Thirty-five per cent of the world’s food supply comes from small farms of under two hectares. This means that when their ability to produce food is at risk, so too is the global food system.  

And yet, small-scale farmers receive just 0.8 per cent of global climate finance each year – a meagre US$5.53 billion – to adapt to this new climate reality. 

But just how much would they need to be able to face today’s climate challenges?  

Why this figure matters now

As IFAD’s Lead Technical Specialist for Environment and Climate, I advocate for investing in small-scale farmers every day. In a context where development budgets are increasingly tight, it is also increasingly difficult to do so without solid figures.  

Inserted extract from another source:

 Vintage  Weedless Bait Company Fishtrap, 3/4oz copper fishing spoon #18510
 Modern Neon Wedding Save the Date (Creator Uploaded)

This challenge is compounded by the fact that many data and definitions are lacking or inconsistent, starting with a universal definition of small-scale farmers. This results in discrepancies in how their financial needs are assessed.  

We’ve been lacking rigorous figures for some time. In 2009, developed countries agreed that by 2020, they would mobilize the somewhat arbitrary figure of US$100 billion per year to support developing countries' climate action.  

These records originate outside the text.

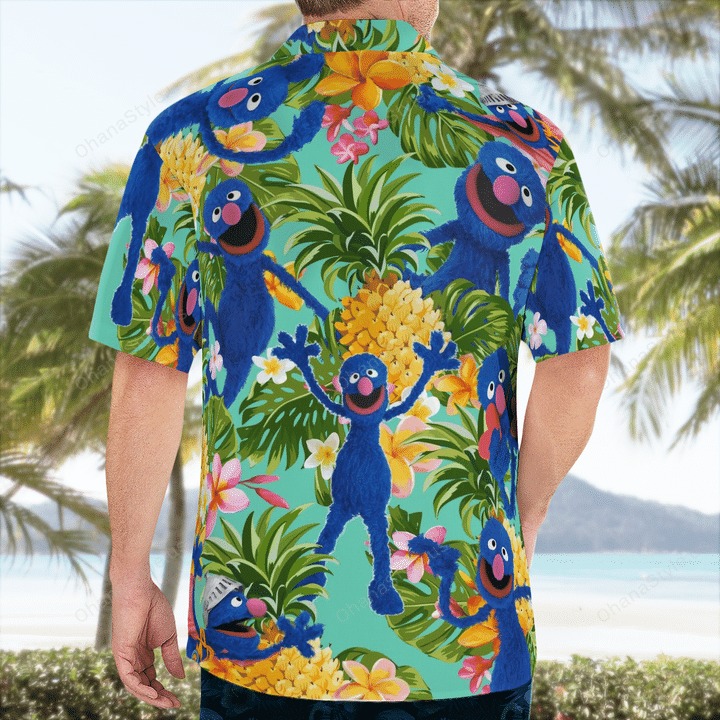 Grover Muppets Tropical Hawaiian Shirt Grover Muppets Tropical Hawaiian Shirt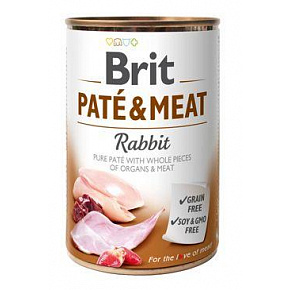 Brit Dog konz Paté & Meat Królik 400g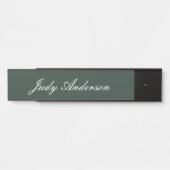 Celtic Green Professional Plain Modern Elegant Deurbordje (Voorkant)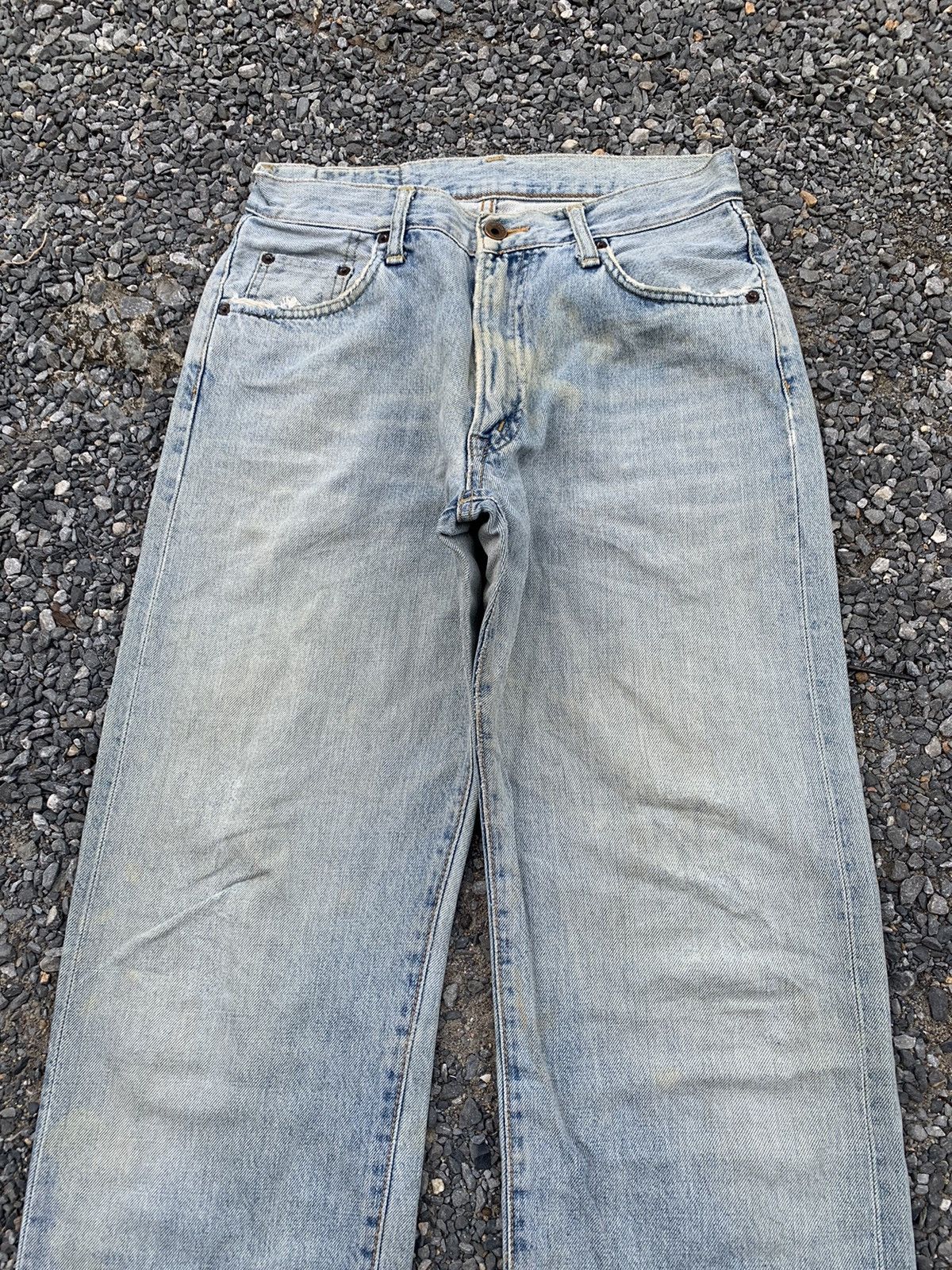 Edwin VINTAGE EDWIN 505XX SELVEDGE FADED JAPANESE DISTRESSED DENIM Size US 29 - 5 Thumbnail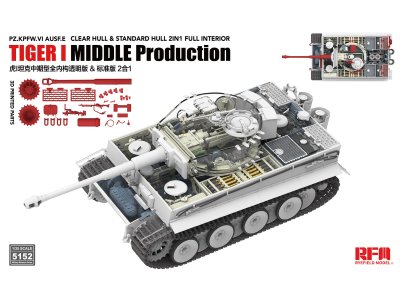 1:35 Rye Field Model 5152 Tiger I Mid-Production &ndash; Transparent Turret WWII &ndash; German Heavy Tank - Rfm5152 1 - RFM5152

This was followed in 2015 with a commitment under the Paris Agreement to set a new collective quantified goal (NCQG) on climate finance. This goal will provide clarity on the funding available for developing countries to implement their next National Climate Plans, which are due by February 2025. 

The NCQG is due to be adopted this year at COP29 in Azerbaijan. But just a few weeks out from the conference, negotiators have yet to agree on the basics needed to implement this goal, starting with the amount of money needed.

A small-scale farming community supported by IFAD in Uganda. © IFAD/Kasujja Asaph

How I calculated the $75 billion gap

In the absence of an estimate of the climate finance gap for small-scale farmers – and given the fast-approaching deadline for the Sustainable Development Goals – I have developed a ballpark figure, with some caveats. 

I relied on a simple methodology. As mentioned before, small-scale farmers produce 35 per cent of the world’s food. I use this as a basis for calculating their proportional climate finance need.  

This is imperfect: the share of food produced does not necessarily equal the share of finance needed, especially considering small-scale farms' production is affected disproportionately by underinvestment and climate change. 

Nevertheless, it gives a conservative basis for calculating the gap. Other bases could be the share of farms they make up, the share of agricultural workers employed on small farms, or the number of people relying on small farms for food and livelihoods. Each of these would all give a much higher estimate of the real need. 

In 2020, Climate Policy Initiative data indicated that climate finance needed to increase seven-fold, from US$28.5 billion to US$199.5 billion, in order to align with even the most conservative climate transition scenarios. Adjusting for long-term inflation of about 3 per cent, the total annual climate finance need for agrifood systems is US$224.5 billion 

This number assumes that adaptation and mitigation costs are the same for small-scale farmers as they are for other types of actors within agrifood systems. In truth, small-scale farmers face disproportionately higher costs due to limited access to finance and technologies, fragmented land holdings and higher vulnerability to climate change.  

Based on this, the financing gap between current levels and a conservative estimate of the required finance is an alarming US$75 billion annually.  

Given their crucial role in feeding the world, this seems like a small price to pay so they can better adapt and protect not only their livelihoods, but also global food security.

Tiago, a small-scale farmer who receives support from IFAD, prepares a shipment of lettuce in Brazil © IFAD/Ueslei Marcelino

The moral and financial imperative to step up

The world is not prepared for the escalating impacts of climate change, and nowhere is this more evident than in rural farming communities. The widening gap between the climate finance these communities need and what they receive threatens to exacerbate food insecurity, poverty and migration.   

Addressing this imbalance is not only a moral imperative but also a practical one. Investing in small-scale farmers is one of the most impactful ways to safeguard global food systems.  

The message is simple: to safeguard global food security, climate finance for small-scale farmers must urgently surge by nearly 14 times the current level. We must reach the critical target of at least US$75 billion. 

At IFAD, we recognize the urgency of this moment – and we already know that targeted investments in small-scale farmers can drive adaptation and build resilient agricultural systems. Our goal is to deliver climate finance at speed and scale, ensuring that the world's 500 million small-scale farms receive the resources they need to adapt to a changing climate secure a resilient global food supply for us all.